Abstract

Oxidative stress-induced vascular endothelial cell (VEC) injury is a major mechanism in the initiation and development of atherosclerosis. Lunasin, a soybean-derived 43-aa peptide, has been previously shown to possess potent antioxidant and anti-inflammatory activities other than its established anticancer activities. This study investigated the effects of lunasin on protecting VECs from oxidative damage and inhibiting atherosclerotic plaque progression in apolipoprotein E-deficient (ApoE^-/-) mice and explored its underlying mechanism. Biochemical and histologic analyses were performed by using EA.hy926 human VECs and a high-fat diet (HFD) ApoE^-/- mouse atherosclerosis model. Our data indicated that lunasin attenuated H₂O₂-induced, mitochondria-dependent endothelial apoptosis via down-regulating Bax and up-regulating Bcl-2, inhibiting the mitochondrial depolarization, and reducing the release of cytochrome c, as well as decreasing the activation of caspase-9 and caspase-3 in vitro and in vivo.

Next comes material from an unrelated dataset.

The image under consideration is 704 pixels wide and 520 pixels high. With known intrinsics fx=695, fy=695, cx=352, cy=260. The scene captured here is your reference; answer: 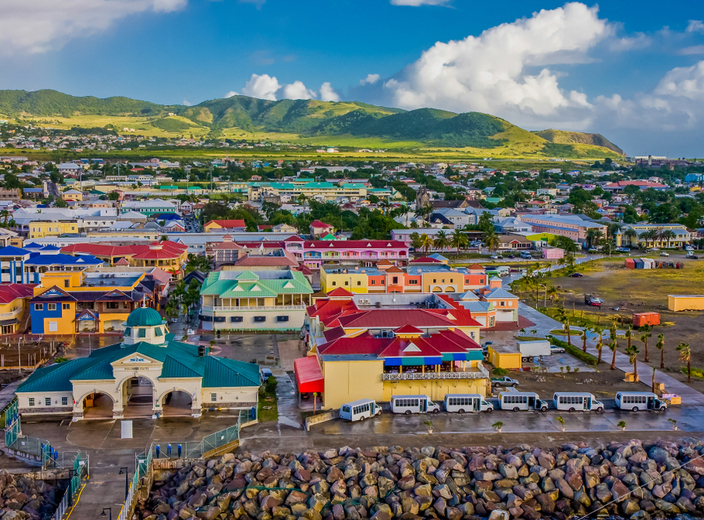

Mechanic studies showed that lunasin significantly up-regulated heme oxygenase-1 via the PI3K/Akt/nuclear factor erythroid 2-related factor 2/antioxidant response element pathway, and reduced H₂O₂-induced ROS production in VECs, thereby attenuating oxidant-induced endothelial injury and inhibiting atherosclerotic plaque progression in ApoE^-/- mice. In conclusion, our in vitro and in vivo data suggest that lunasin protects VECs from oxidative damage by enhancing heme oxygenase-1 expression via activation of the PI3K/Akt/nuclear factor erythroid 2-related factor 2/antioxidant response element pathway and inhibiting mitochondria-dependent apoptosis, thereby effectively attenuating atherosclerosis in HFD-fed ApoE^-/- mice. Lunasin may act as a potential therapeutic agent for the prevention and treatment of atherosclerosis.-Gu, L., Ye, P., Li, H., Wang, Y., Xu, Y., Tian, Q., Lei, G., Zhao, C., Gao, Z., Zhao, W., Tan, S. Lunasin attenuates oxidant-induced endothelial injury and inhibits atherosclerotic plaque progression in ApoE^-/- mice by up-regulating heme oxygenase-1 via PI3K/Akt/Nrf2/ARE pathway.